Vous êtes membre de la Fédération Nationale des Sourds de France (FNSF) et êtes notamment impliquée dans l’information et l’accompagnement des étudiants sourds et malentendants dans leurs démarches d’accessibilité à l’enseignement supérieur. En quoi cet engagement est-il important pour vous ?

La Fédération Nationale des Sourds de France œuvre historiquement pour la langue des signes en faveur de la communauté sourde. En tant que responsable du secteur Étudiants Sourds de France (ESF), mon rôle est de faire bénéficier les jeunes et les étudiants sourds de diverses expériences et de stratégies pour mettre en place l’accessibilité dans leur parcours scolaire et universitaire. Je les informe aussi de leurs droits afin qu’ils puissent être mieux préparés à affronter de potentiels obstacles ou discriminations. La FNSF permet également de faciliter la mise en réseau des étudiants et étudiantes sourds, afin qu’ils puissent échanger, se donner des conseils et se rencontrer. C’est une association très active et fédératrice.

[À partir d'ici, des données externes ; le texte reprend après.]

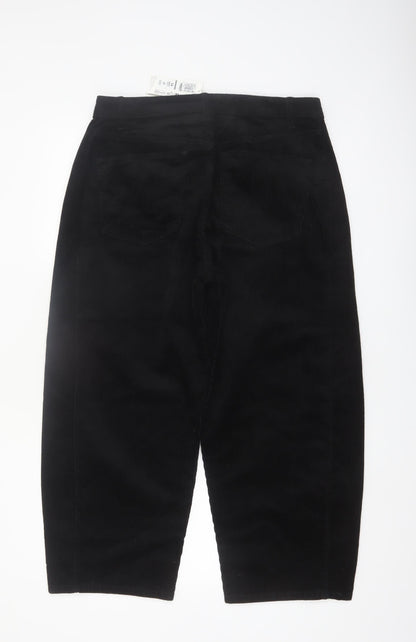 Marks and Spencer Women's Black Corduroy Tapered Trousers Size 14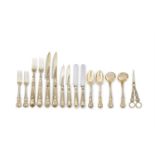 A MATCHED WILLIAM IV AND VICTORIAN SILVER GILT COBURG PATTERN PART DESSERT SERVICE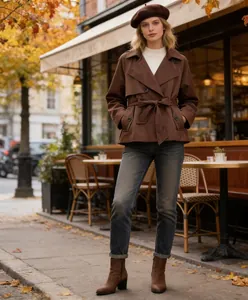 Gabardina corta marrón con cinturón y cuello de solapa para un look callejero de otoño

Vous terminez actuellement votre thèse. Au cours de vos études, avez-vous perçu une évolution des établissements d’enseignement dans l’inclusion des personnes sourdes et malentendantes ?

Dans mon parcours d’études, j’ai vécu et j’ai été témoin de diverses situations de mise en difficulté et en situation d’inégalité en raison de privation d’accès au contenu pédagogique, pour les élèves-étudiants sourds dans le milieu scolaire et universitaire. En effet, il y a une grande variabilité dans l’accessibilité des études ; celle-ci aléatoire, dépend des politiques internes des établissements, des missions handicap parfois non formées, voire inexistantes, parfois très engagées. Malgré la loi de 2005 sur « l’égalité des droits et des chances pour tous », son effectivité est encore mise en défaut. Si les chiffres élogieux du gouvernement montrent la croissance des étudiants handicapés incluant les sourds, ceux-ci n’indiquent pas le degré de surdité, ni le taux de décrochage dès la première année, avant l’obtention de diplôme. Le parcours d’un étudiant sourd est équivalent à un parcours du combattant et d’« entrepreneur d’accessibilité ».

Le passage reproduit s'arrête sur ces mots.